Records from a collection
▬▬▬▬▬▬

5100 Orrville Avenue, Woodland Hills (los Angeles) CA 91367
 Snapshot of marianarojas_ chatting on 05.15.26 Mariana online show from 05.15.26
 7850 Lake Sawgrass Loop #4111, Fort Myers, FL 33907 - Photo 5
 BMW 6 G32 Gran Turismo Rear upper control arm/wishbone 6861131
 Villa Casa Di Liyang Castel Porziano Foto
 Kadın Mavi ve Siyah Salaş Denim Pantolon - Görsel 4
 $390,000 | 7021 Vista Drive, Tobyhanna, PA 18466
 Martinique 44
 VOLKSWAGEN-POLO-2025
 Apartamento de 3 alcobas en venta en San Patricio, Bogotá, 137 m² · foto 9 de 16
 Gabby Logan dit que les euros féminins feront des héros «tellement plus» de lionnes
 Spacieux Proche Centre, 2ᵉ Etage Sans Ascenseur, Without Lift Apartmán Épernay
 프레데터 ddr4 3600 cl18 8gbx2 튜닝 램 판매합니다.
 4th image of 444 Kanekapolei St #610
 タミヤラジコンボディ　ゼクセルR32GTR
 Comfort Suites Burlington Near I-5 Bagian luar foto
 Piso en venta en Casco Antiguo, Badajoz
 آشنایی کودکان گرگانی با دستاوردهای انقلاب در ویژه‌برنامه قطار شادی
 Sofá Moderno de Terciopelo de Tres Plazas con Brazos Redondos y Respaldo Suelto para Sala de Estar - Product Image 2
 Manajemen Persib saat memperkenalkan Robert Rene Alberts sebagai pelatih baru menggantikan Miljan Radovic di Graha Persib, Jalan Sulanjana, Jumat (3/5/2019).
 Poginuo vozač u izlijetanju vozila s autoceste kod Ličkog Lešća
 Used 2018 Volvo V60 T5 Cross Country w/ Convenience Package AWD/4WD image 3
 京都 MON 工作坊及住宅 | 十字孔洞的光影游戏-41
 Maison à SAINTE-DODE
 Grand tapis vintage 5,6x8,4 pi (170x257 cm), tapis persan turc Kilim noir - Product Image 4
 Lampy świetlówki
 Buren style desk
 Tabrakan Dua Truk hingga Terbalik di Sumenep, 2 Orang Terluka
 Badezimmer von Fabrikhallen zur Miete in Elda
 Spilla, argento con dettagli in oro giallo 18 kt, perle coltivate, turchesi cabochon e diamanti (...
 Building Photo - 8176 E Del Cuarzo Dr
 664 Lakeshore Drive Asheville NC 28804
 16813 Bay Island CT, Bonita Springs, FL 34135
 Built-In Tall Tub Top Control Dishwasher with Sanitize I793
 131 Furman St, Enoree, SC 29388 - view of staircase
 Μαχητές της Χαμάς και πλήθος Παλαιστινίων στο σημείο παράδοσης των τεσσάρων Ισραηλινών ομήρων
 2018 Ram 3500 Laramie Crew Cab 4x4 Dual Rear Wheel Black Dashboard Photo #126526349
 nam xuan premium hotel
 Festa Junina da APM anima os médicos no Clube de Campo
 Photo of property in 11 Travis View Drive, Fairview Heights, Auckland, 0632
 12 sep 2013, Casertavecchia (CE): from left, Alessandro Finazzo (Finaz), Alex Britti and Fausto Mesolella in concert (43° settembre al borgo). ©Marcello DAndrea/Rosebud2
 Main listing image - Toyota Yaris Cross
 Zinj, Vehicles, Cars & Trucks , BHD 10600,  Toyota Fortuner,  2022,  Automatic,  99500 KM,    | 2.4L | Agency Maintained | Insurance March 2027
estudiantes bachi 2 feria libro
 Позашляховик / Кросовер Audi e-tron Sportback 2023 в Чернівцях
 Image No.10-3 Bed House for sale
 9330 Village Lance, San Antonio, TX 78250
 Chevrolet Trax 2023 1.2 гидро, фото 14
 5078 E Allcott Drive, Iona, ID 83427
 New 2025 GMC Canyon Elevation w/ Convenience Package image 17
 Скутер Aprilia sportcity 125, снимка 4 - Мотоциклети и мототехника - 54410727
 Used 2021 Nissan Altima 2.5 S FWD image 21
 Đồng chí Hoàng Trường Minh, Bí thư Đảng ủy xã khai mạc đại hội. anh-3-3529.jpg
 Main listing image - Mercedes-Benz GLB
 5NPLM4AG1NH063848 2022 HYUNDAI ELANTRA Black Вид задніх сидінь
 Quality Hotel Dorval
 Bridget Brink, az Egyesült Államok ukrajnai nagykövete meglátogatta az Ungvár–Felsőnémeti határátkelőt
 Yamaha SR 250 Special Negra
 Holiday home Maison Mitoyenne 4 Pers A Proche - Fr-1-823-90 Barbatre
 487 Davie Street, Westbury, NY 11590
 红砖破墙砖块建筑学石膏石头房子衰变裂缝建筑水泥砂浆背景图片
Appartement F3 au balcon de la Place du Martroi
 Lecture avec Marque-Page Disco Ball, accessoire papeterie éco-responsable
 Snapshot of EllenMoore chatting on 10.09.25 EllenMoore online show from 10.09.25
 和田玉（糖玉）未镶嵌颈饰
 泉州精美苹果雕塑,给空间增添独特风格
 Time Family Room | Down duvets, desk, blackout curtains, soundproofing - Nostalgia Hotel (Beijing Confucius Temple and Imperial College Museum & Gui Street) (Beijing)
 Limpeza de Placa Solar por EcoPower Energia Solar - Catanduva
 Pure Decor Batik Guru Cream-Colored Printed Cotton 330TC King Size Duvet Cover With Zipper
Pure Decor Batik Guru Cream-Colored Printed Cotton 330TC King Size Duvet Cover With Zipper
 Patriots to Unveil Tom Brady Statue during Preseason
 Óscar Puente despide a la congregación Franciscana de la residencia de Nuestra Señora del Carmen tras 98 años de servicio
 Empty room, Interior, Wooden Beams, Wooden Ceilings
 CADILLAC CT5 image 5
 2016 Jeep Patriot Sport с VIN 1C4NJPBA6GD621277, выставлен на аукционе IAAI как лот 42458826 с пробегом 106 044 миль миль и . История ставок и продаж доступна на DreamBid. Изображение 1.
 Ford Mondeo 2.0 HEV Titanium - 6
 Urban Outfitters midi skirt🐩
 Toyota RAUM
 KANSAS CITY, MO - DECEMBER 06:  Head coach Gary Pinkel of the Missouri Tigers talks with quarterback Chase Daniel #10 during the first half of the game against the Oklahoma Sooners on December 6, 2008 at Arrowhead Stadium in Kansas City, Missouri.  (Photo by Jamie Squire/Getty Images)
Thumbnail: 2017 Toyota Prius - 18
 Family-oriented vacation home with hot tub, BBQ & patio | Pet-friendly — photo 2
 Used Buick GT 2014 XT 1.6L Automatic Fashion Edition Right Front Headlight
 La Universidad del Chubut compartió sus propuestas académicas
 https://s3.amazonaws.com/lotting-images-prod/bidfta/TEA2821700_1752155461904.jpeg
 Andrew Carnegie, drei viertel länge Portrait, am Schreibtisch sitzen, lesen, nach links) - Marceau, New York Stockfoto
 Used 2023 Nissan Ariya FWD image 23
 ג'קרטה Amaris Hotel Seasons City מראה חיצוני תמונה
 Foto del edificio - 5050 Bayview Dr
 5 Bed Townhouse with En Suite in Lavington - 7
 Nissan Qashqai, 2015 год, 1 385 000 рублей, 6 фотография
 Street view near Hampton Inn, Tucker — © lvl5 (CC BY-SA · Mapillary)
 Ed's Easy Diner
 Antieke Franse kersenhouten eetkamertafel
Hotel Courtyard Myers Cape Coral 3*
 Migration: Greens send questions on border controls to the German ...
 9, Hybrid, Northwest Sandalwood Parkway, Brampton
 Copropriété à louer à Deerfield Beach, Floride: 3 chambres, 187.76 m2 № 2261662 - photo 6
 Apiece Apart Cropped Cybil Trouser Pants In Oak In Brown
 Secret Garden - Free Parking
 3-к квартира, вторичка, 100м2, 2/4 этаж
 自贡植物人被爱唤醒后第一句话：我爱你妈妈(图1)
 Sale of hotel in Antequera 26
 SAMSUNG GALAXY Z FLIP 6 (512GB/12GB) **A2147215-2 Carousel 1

▬▬▬▬▬▬

Among the records above, extract exactly the lines from the line with "Скутер Aprilia sportcity" to the line with "Toyota RAUM", both lines included, and leave out the rest.

 Скутер Aprilia sportcity 125, снимка 4 - Мотоциклети и мототехника - 54410727
 Used 2021 Nissan Altima 2.5 S FWD image 21
 Đồng chí Hoàng Trường Minh, Bí thư Đảng ủy xã khai mạc đại hội. anh-3-3529.jpg
 Main listing image - Mercedes-Benz GLB
 5NPLM4AG1NH063848 2022 HYUNDAI ELANTRA Black Вид задніх сидінь
 Quality Hotel Dorval
 Bridget Brink, az Egyesült Államok ukrajnai nagykövete meglátogatta az Ungvár–Felsőnémeti határátkelőt
 Yamaha SR 250 Special Negra
 Holiday home Maison Mitoyenne 4 Pers A Proche - Fr-1-823-90 Barbatre
 487 Davie Street, Westbury, NY 11590
 红砖破墙砖块建筑学石膏石头房子衰变裂缝建筑水泥砂浆背景图片
Appartement F3 au balcon de la Place du Martroi
 Lecture avec Marque-Page Disco Ball, accessoire papeterie éco-responsable
 Snapshot of EllenMoore chatting on 10.09.25 EllenMoore online show from 10.09.25
 和田玉（糖玉）未镶嵌颈饰
 泉州精美苹果雕塑,给空间增添独特风格
 Time Family Room | Down duvets, desk, blackout curtains, soundproofing - Nostalgia Hotel (Beijing Confucius Temple and Imperial College Museum & Gui Street) (Beijing)
 Limpeza de Placa Solar por EcoPower Energia Solar - Catanduva
 Pure Decor Batik Guru Cream-Colored Printed Cotton 330TC King Size Duvet Cover With Zipper
Pure Decor Batik Guru Cream-Colored Printed Cotton 330TC King Size Duvet Cover With Zipper
 Patriots to Unveil Tom Brady Statue during Preseason
 Óscar Puente despide a la congregación Franciscana de la residencia de Nuestra Señora del Carmen tras 98 años de servicio
 Empty room, Interior, Wooden Beams, Wooden Ceilings
 CADILLAC CT5 image 5
 2016 Jeep Patriot Sport с VIN 1C4NJPBA6GD621277, выставлен на аукционе IAAI как лот 42458826 с пробегом 106 044 миль миль и . История ставок и продаж доступна на DreamBid. Изображение 1.
 Ford Mondeo 2.0 HEV Titanium - 6
 Urban Outfitters midi skirt🐩
 Toyota RAUM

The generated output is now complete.